24 Nis 2012

YAŞAYIP GİDİYORDUK ŞUNUN ŞURASINDA


Kimselere bir zararımız yoktu bizim; yaşayıp gidiyorduk şunun şurasında, bize sorulmadan verilmiş bir ömrümüz vardı, belli ki düzen koyucu böyle uygun görmüştü, soylarımız tükenmesin, devam edegelsin o mükemmel kurgulama, o eşsiz denge diye.
Kurt, kuş, börtü böcek, hepsi belli ki lazım bu dünyaya, kimimiz dağda bayırda vahşi yaşam dedikleri düzenin içinde, kimimiz havada uçar mavi derinliklerde, bazılarımızsa yüzer engin suların derin serinliğinde.

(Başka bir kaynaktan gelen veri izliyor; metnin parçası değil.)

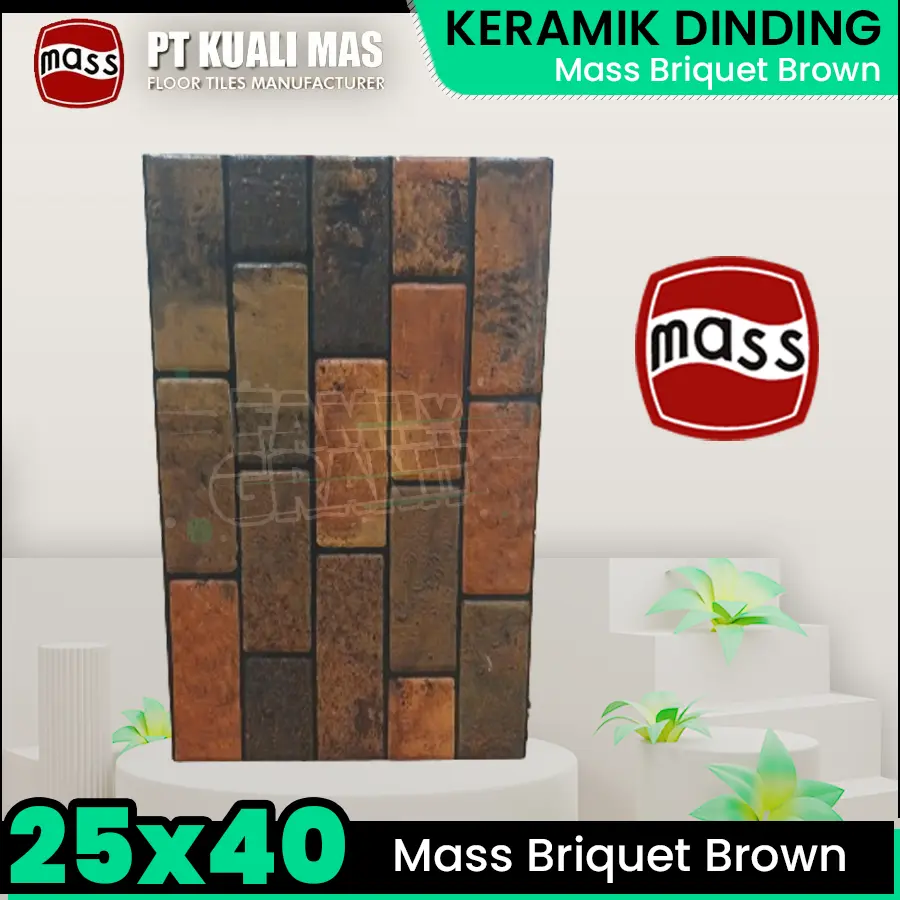 Keramik Dinding 25x40 Mass Briquet Brown Motif Bata Tekstur Kasar KW1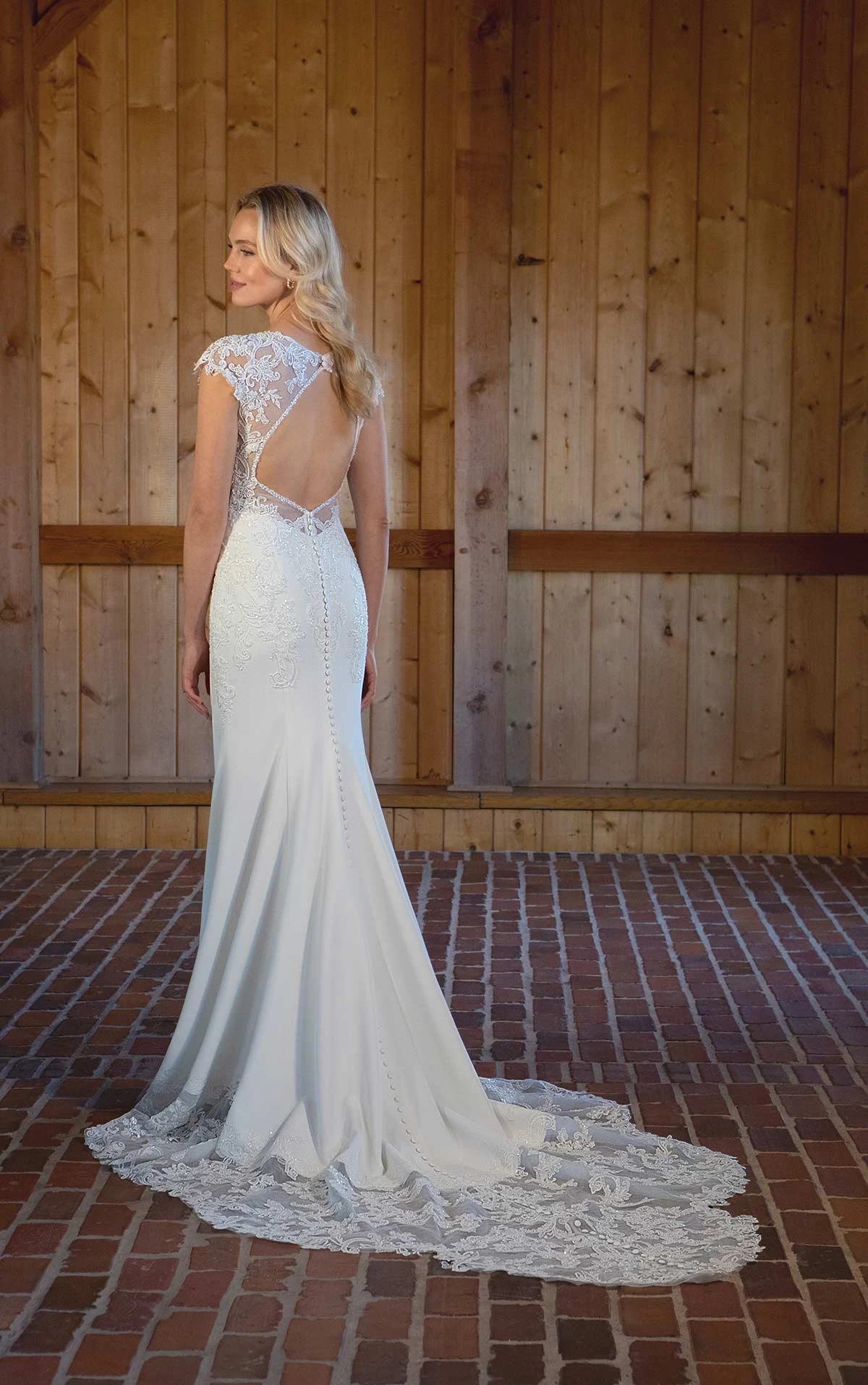 d3530 Stunning Column Wedding Dress with Plunging V-Neckline and Cap Sleeves  by Essense of Australia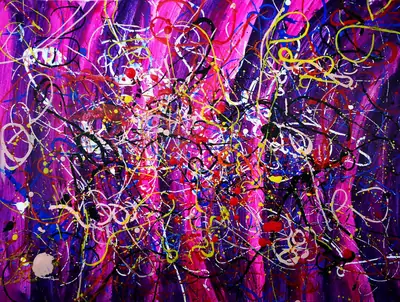 Abstraktes Bild in Pollock-Technik in Lila und Pink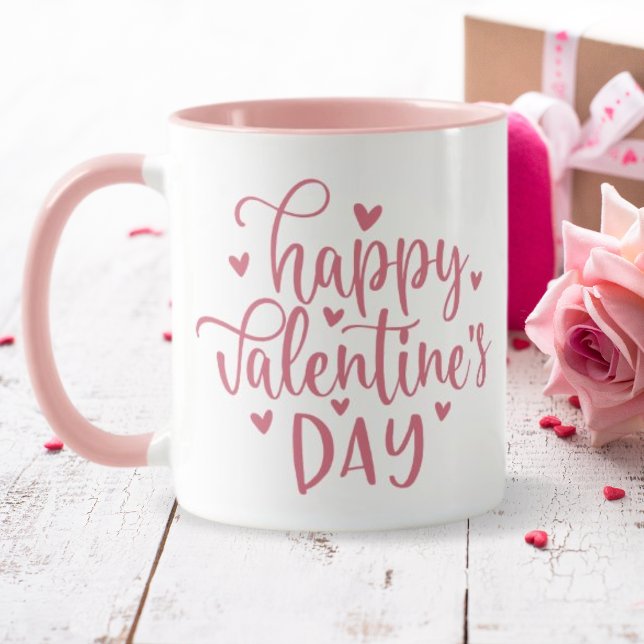 Taza Felices corazones rosados del Día de San Valentín (Subido por el creador)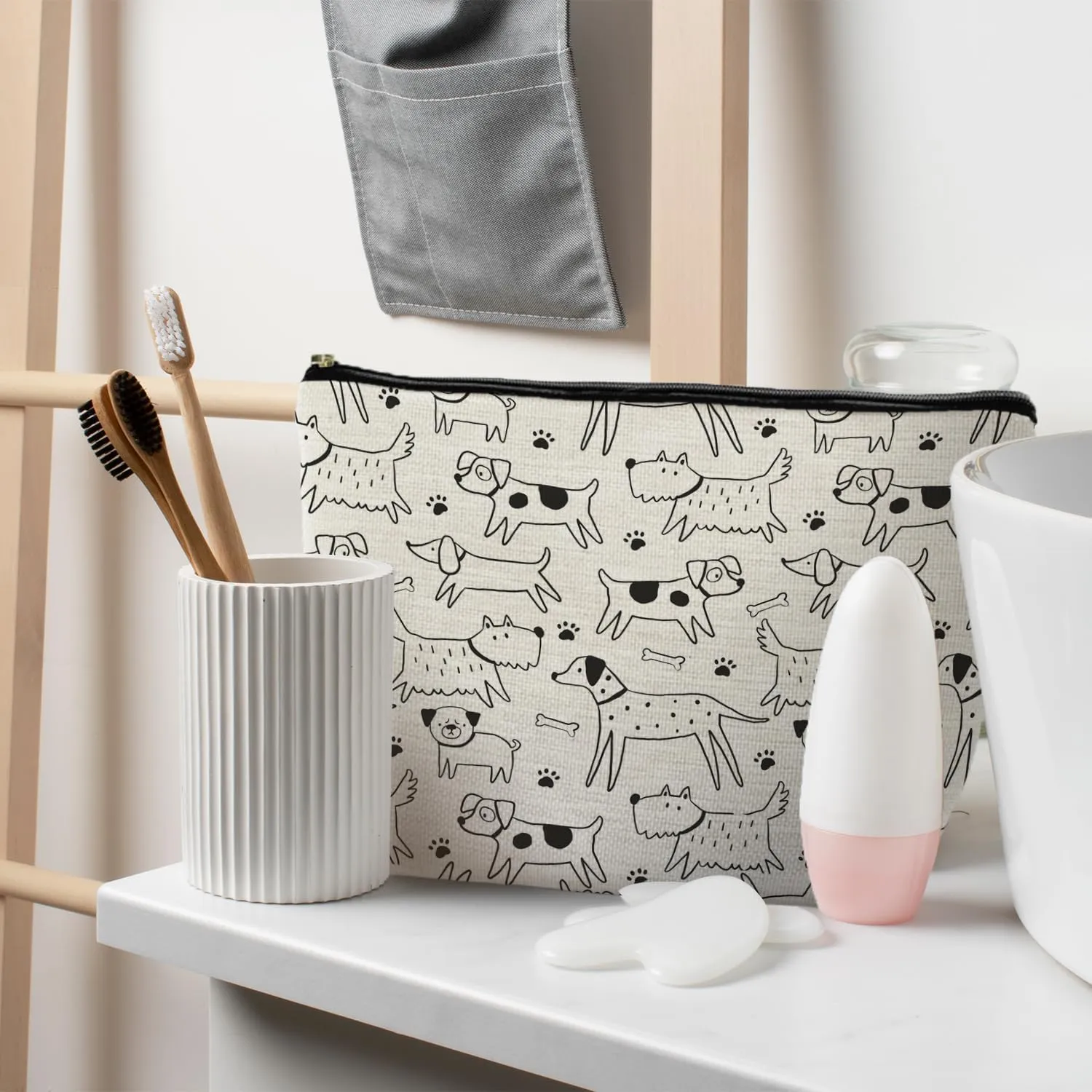 Dog Makeup Bag - Gifts for Dog Lovers, Mom, and Owners - Funny Puppy Doodle Cosmetic Toiletry Bag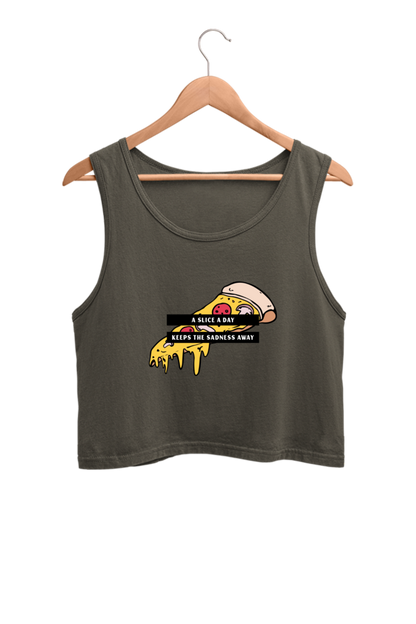 Women's Crop Tank Top - Pizza slice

Yaşayıp gidiyorduk şunun şurasında. Bırakmadılar, dünyanın efendileri elleri kolları uzun, kendi gelemedikleri, uzanamadıkları yerlere düzenekler kurdular, teknolojileriyle aştılar bütün zorlukları, ne yaptılar ne ettiler hepimizi keşfettiler, bazılarımızı evcilleştirip kullandılar bir süreliğine bekçi, korumacı, yük taşıyıcı ve hatta can yoldaşı yaptılar.
Yorgun düşüp işlerine yaramaz görünce, hiç düşünmeden ölüme terk ettiler bizi, etimiz para etmişse kasaba satıp sucuk yaptılar kartlaşmış bedenimizi.
Avcıyız, spor yapıyoruz diye kınalımızın, uçanımızın, kaçanımızın peşlerine düştüler, üşenip erinmeden dağ bayır aşıp tüfeklerini doldurdular saçmalarla mermilerle, çocuklarımızı analarından, analarını bebelerimizden ayırdılar. Boyunlarımızı kana bulayıp sırt çantalarında taşıdılar, sarhoş mezesi yaptılar belki de.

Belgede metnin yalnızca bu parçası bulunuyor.